WHAT IS EXPECTED: Each record that comes next should be output exactly; pictures do not belong in the copy.

(Collected data entries)
::::::
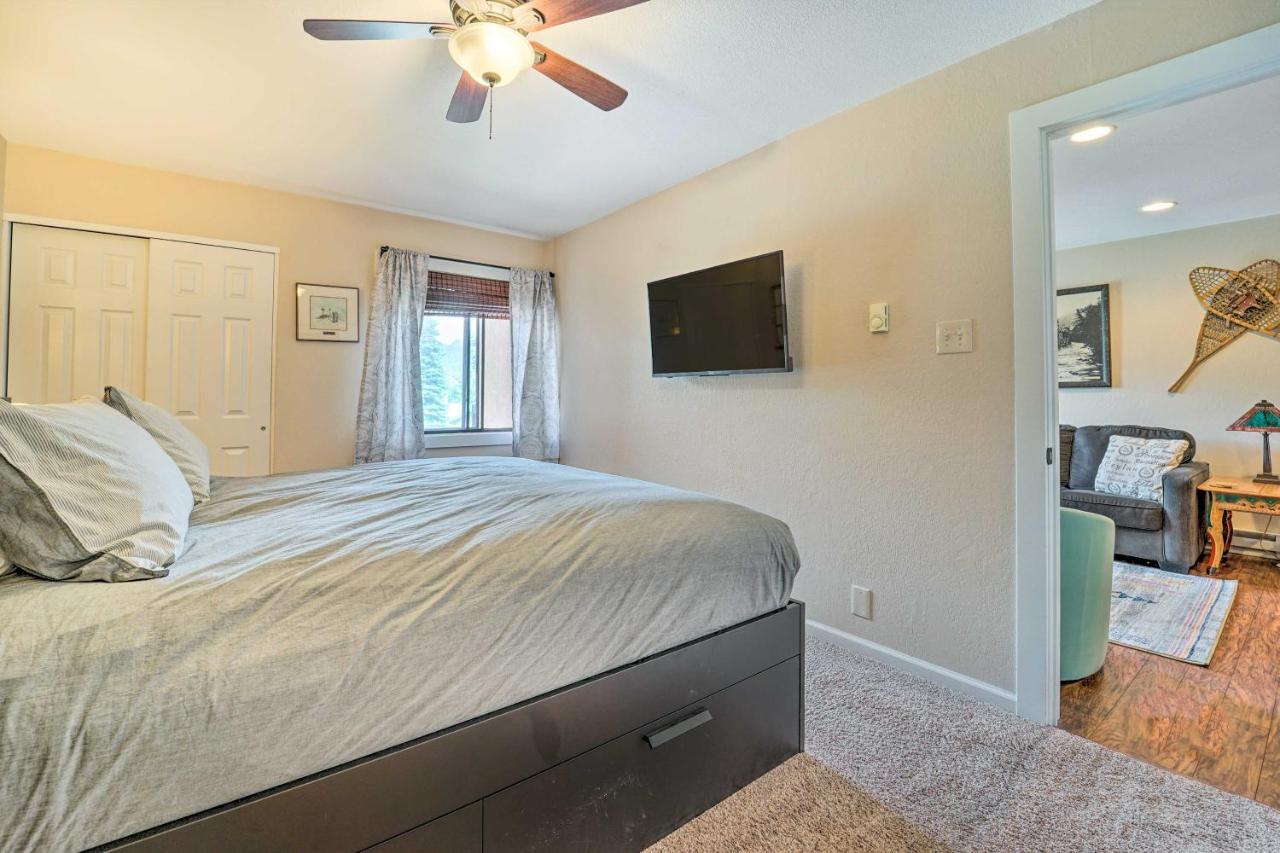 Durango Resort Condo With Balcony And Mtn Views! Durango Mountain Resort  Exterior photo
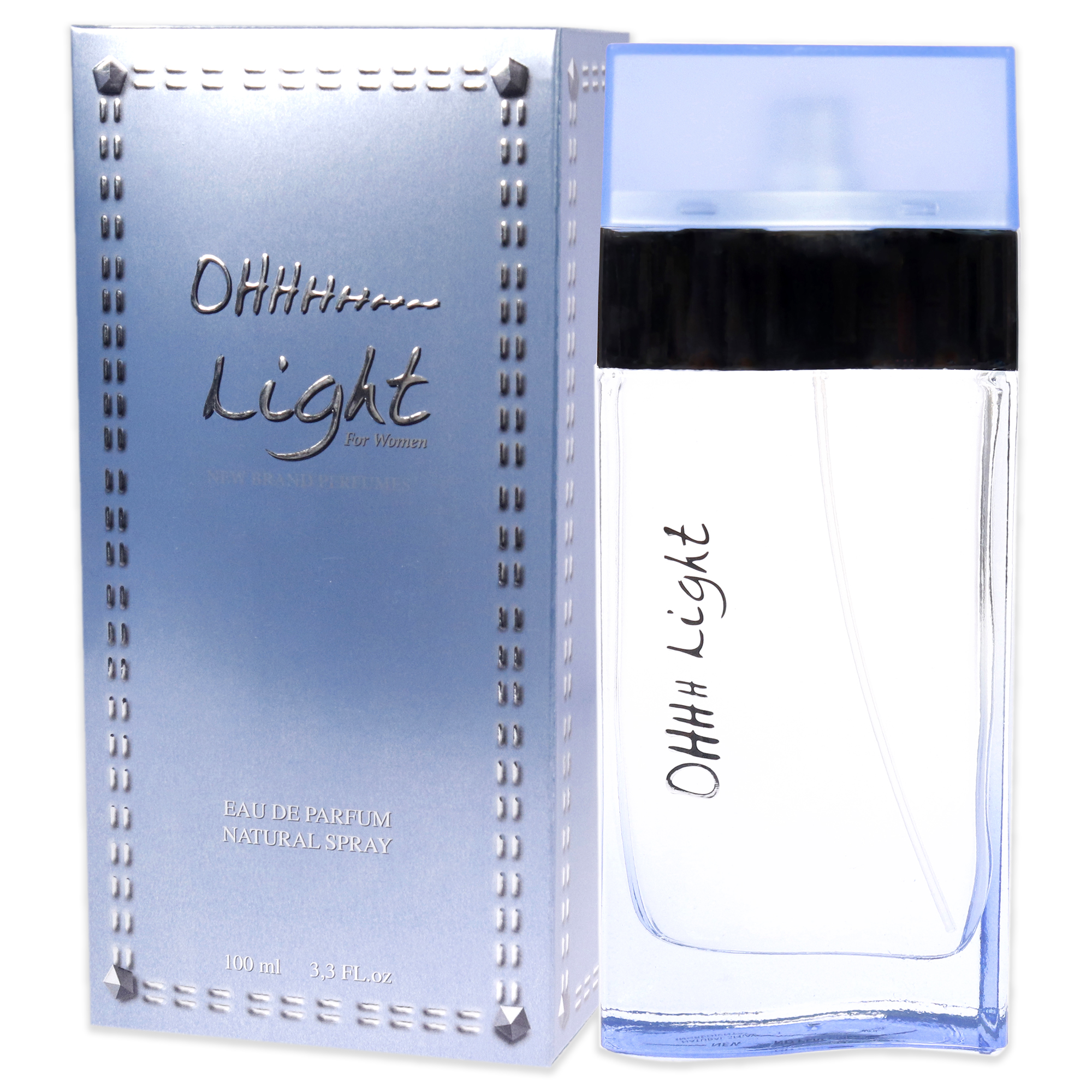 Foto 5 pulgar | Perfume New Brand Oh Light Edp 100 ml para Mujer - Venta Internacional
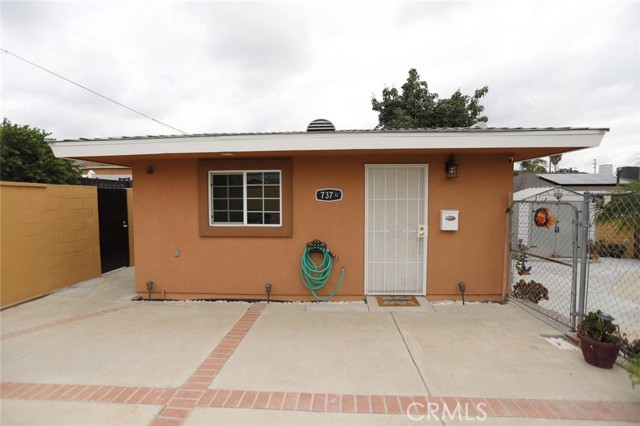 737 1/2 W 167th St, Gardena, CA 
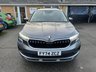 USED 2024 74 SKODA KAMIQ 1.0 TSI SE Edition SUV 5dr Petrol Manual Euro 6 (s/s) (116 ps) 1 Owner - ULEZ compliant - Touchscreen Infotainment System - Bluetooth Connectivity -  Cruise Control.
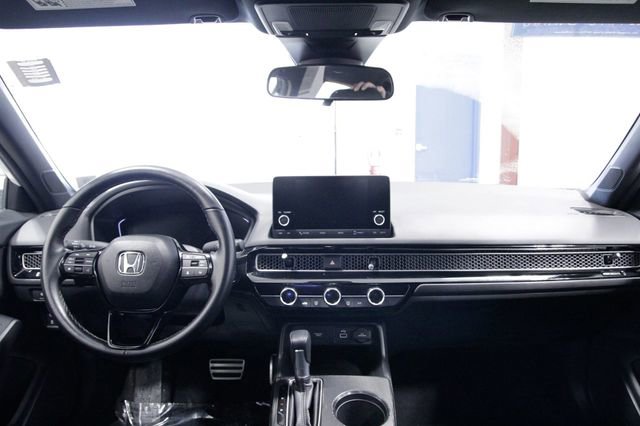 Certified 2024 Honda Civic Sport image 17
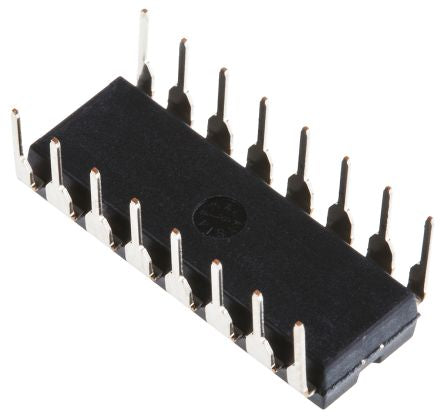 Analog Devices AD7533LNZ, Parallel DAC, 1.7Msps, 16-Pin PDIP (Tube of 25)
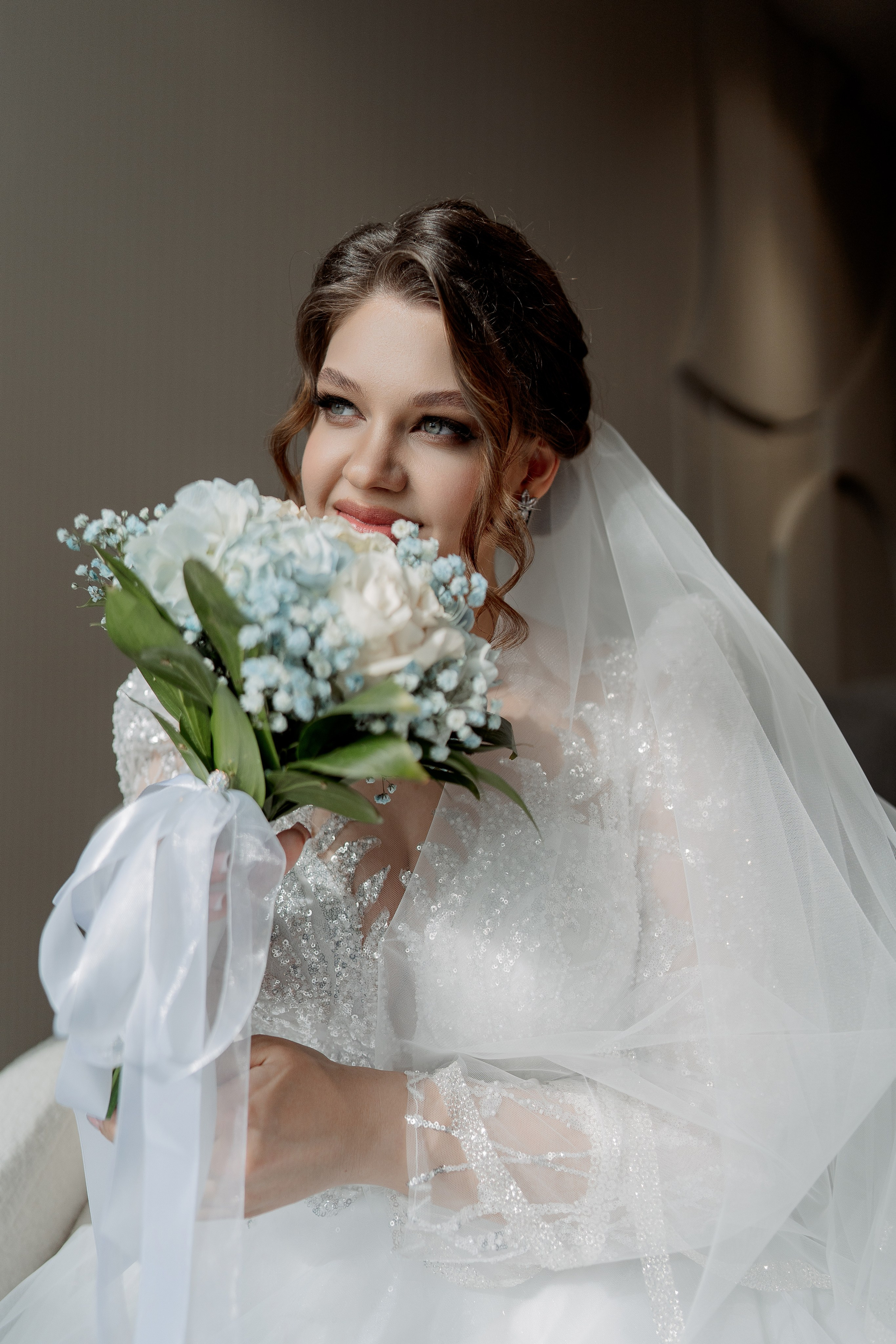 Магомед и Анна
::::::
ANSWER SPACE:
 Durango Resort Condo With Balcony And Mtn Views! Durango Mountain Resort  Exterior photo
 Foto 5 pulgar | Perfume New Brand Oh Light Edp 100 ml para Mujer - Venta Internacional
 737 1/2 W 167th St, Gardena, CA 
 USED 2024 74 SKODA KAMIQ 1.0 TSI SE Edition SUV 5dr Petrol Manual Euro 6 (s/s) (116 ps) 1 Owner - ULEZ compliant - Touchscreen Infotainment System - Bluetooth Connectivity -  Cruise Control.
 Certified 2024 Honda Civic Sport image 17
 Analog Devices AD7533LNZ, Parallel DAC, 1.7Msps, 16-Pin PDIP (Tube of 25)
 Магомед и Анна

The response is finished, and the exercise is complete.